March 5 (UPI) — Researchers are moving closer to providing better treatment for a common lung cancer, a new study says, thanks to an artificial intelligence model that can identify the disease as well as humans.
The new model uses a deep neural network to list different types of lung adenocarcinoma on histopathology slides, according to a study published Monday in Scientific Reports. This method, the researchers say, is comparable to three practicing pathologists.
“Our study demonstrates that machine learning can achieve high performance on a challenging image classification task and has the potential to be an asset to lung cancer management,” Saeed Hassanpour, a researcher at Dartmouth University and study author, said in a news release. “Clinical implementation of our system would be able to assist pathologists for accurate classification of lung cancer subtypes, which is critical for prognosis and treatment.”

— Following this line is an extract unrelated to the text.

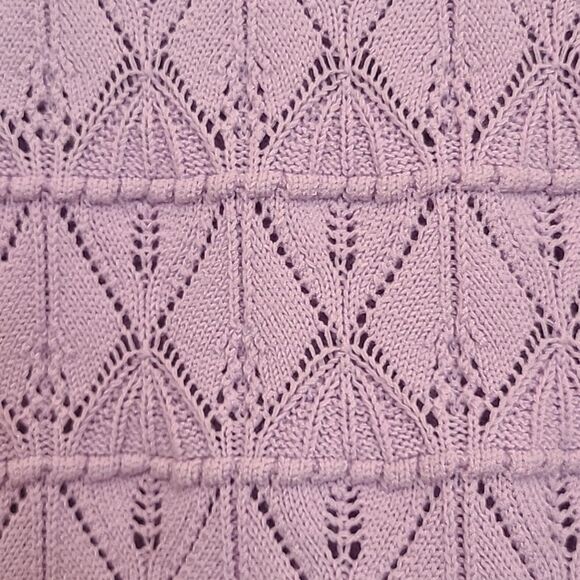 CURRENT AIR Long Sleeve Woven Textural Sweater Knit Top Lavender Size M - Picture 5 of 13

Roughly 40 percent of all lung cancers are lung adenocarcinoma, according to LUNGevity, a lung cancer research organization.
The condition usually develops along small air passages, like the trachea or bronchioles, across the lung’s outer edges.
For current lung adenocarcinoma examinations, doctors look at lobectomy slides to figure the tumor patterns and subtypes. While this type of examination is still important, the researchers say, it’s prone to subjectivity and error.
This is an important development in the fight against lung cancer, the deadliest form of cancer in the United States, researchers say.
And since the method can be used to analyze other histopathology images, the researchers have made their code open source so that others can use it in new research.
“If validated through clinical trials, our neural network model can potentially be implemented in clinical practice to assist pathologists,” Hassanpour said. “Our machine learning method is also fast and can process a slide in less than one minute, so it could help triage patients before examination by physicians and potentially greatly assist pathologists in the visual examination of slides.”